Ah yes, it's magnificent. But I like the light in Paris, too. The rays of light bouncing off a white facade towards the north, that's not bad at all. Of course the light is beautiful in the south, but I especially want to distance myself at last from the stress and work in an easy kind of way. I'd like to travel less. I want the foundation to receive dozens of architects per year in residence. They will not work in my office, but on problems that have to do with the Mediterranean. Once a year, one month will be dedicated to architecture, with a large exhibition.
What about your office? How do you divide your time between Paris and Nice?
I took some office space in Nice and I also found a place to stay in Saint-Paul de Vence. I am in Paris much more than there, but I go down often to work. For example, it's where I conceived the "Grand Paris" project. Often, when I work on large projects, I use these other places for concentration. My collaborators come, too. There are flights to Paris every hour, flights to all the European capitals, to New York, and the Middle East. For my clients, there's not much difference between coming to Paris or Nice.
As for international projects, what are you building next?
We have a number of international projects, but the recession has crimped them noticeably. Many have been put on hold, while others were cancelled, but the projects in the Middle East are proceeding, in Abu Dhabi or Doha or Qatar, as one would expect.
I saw some recent photos of you with a Sheikh and a large model. What was that?
It's the prototype for an element of the cupola in the new Louvre in Abu Dhabi.
Is it going ahead?
Certainly. As I said, generally the more advanced projects continue, particularly in the Middle East: the Louvre in Abu Dhabi, which I presented recently, and the National Museum of Qatar, which I have been working on for four or five years and presented in New York.
That's more good news.
We're marching on, I guess. As for projects in the US, there was one for Lehman Brothers... which doesn't seem to be such a good idea at the moment. I wasted almost a whole year on losing the competition, which made me feel like being back in the old days... In London, the One New Change project is continuing. It's a big centre for shops and offices across the way from Saint Paul's Cathedral. Prince Charles didn't even want me to participate in that competition. He thinks I am too modern an architect for that city.

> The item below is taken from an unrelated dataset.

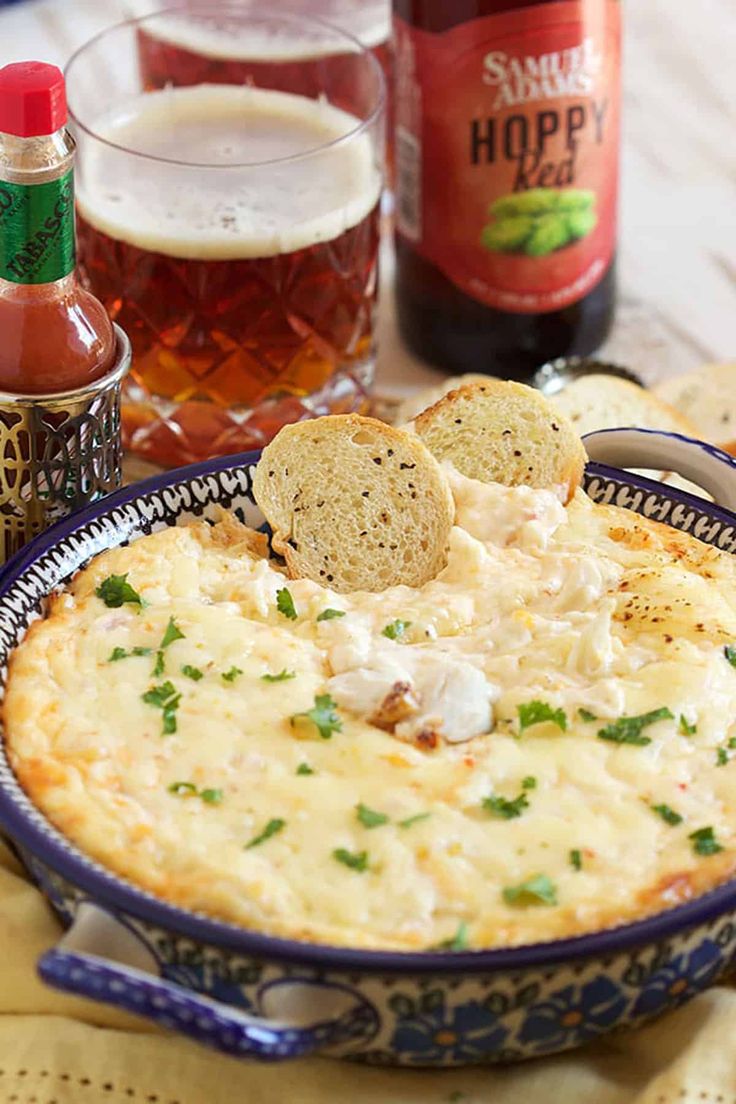 a bowl of dip with crackers and beer in the background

Did he try to ostracise you?
Yes, but luckily he didn't succeed. The building will probably be finished by the end of the year. This summer, also in London, I'll be doing the temporary pavilion for the Serpentine Gallery.
What about Italy?
In Colle Val d'Elsa I designed the big Piazza Arnolfo di Cambio with the artists Daniel Buren, Bertrand Lavier, Alessandra Tesi and Lewis Baltz. That should be completed by the end of the year as well. What else is there... I'm finishing a building between 11th Avenue and 19th Street in New York. A few weeks ago, the architecture critic of The New York Times, Nicolai Ouroussoff, wrote about it.
What was his opinion?
He likes it!
Great, then you're a real superstar. After all, "If you can make it there, you'll make it anywhere..."
Okay, but the project has suffered from the recession. There are some problems with the finishings and it hasn't been completed yet, but it was well received. The building refracts the light from the Hudson, sending it over the compacted city and reflecting it off Frank Gehry's building. It has a second facade that is not glass, which works quite well with the brick buildings of Chelsea.

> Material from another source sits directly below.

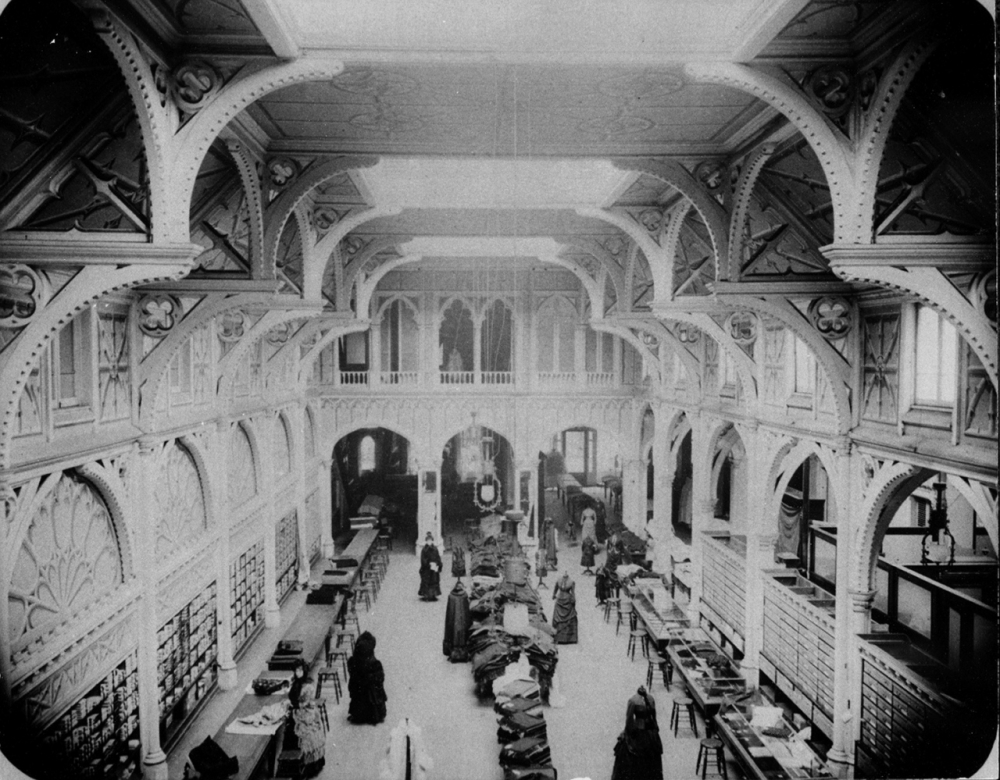 A black and white photo of a large, ornate library interior with high ceilings and decorative arches. Several people examine books and papers at long tables. Shelves line the walls, and a large, arched window is in the background.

Coming back to the prospect of international projects, do you think the situation will improve? What about the recession in the USA?

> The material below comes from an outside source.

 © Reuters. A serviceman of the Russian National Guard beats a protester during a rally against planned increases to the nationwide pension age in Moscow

Everything is still on hold in the US. The MoMA high-rise is blocked. I was building a 380-metre skyscraper that stretched into the galleries of the MoMA, between 53rd and 54th Street. They lopped 60 metres off the top. Now things are a bit complicated, but we are re-doing the project and I think it will work out all the same, if the recession allows us to start up again.
Has the recession influenced your design vision? Has it made you change your mind about important issues?
I don't know what conclusions we can draw from such a difficult situation, but we will probably see another kind of "post-crisis" architecture. I can already see it coming. It will be architecture with less means, obviously, but the growth in the world is not going to stop. This recession is especially felt in the West, but in countries that are experiencing a boom, millions of people will still need to be absorbed by the cities, continuously. The Earth will not stop turning, but we will need to work under different conditions and above all open our eyes to the mistakes we have made, in order to quit making stereotyped buildings and plunking down identical buildings everywhere. Just like we also need to stop creating gigantic killer financial bubbles. If we could build less and better, it would certainly be a good thing.
What type of architecture do you enjoy making most? Museums? Theatres?
I can't say I have a favourite genre. It seems to me that references create specialisations. Having said that, clients now come to me above all for projects that concern the industry of culture.
You are fortunate to have never specialised. There are architects who seem to succeed only in designing museums.
I design housing, offices, pavilions for trade shows, factories, a little bit of everything, and hope to continue doing so. I don't think it's a good idea to specialise. Each project is a particular case in its own right. A residential project that works in a certain area might not work in another context. My real specialisation lies in making a separate consideration for each place, project and group of people for whom I am building. I remain anchored to the notions of specificity, singularity and contextualisation. In this sense, my work has not changed and never will.
I was looking at your books, especially the giant one for Taschen, Jean Nouvel by Jean Nouvel, which Benedikt gave me when I was asked to write about you for the Pritzker Prize. What you just said is clear: the two volumes depict a coherence that is rare among architects. Tell me about the process. It always takes years to make a significant book with Taschen.
It's true, my dialogue with Taschen began a long time ago. They opened the door for me to make a book that would not just be a catalogue of my work – which was not something I was interested in doing at all. I wanted to take advantage of the large format to transmit some of the main emotions connected to each project. I didn't want it to be scholarly, and the large format was not suited for that anyway.
It would be impossible to carry to school! It weighs almost nine kilos.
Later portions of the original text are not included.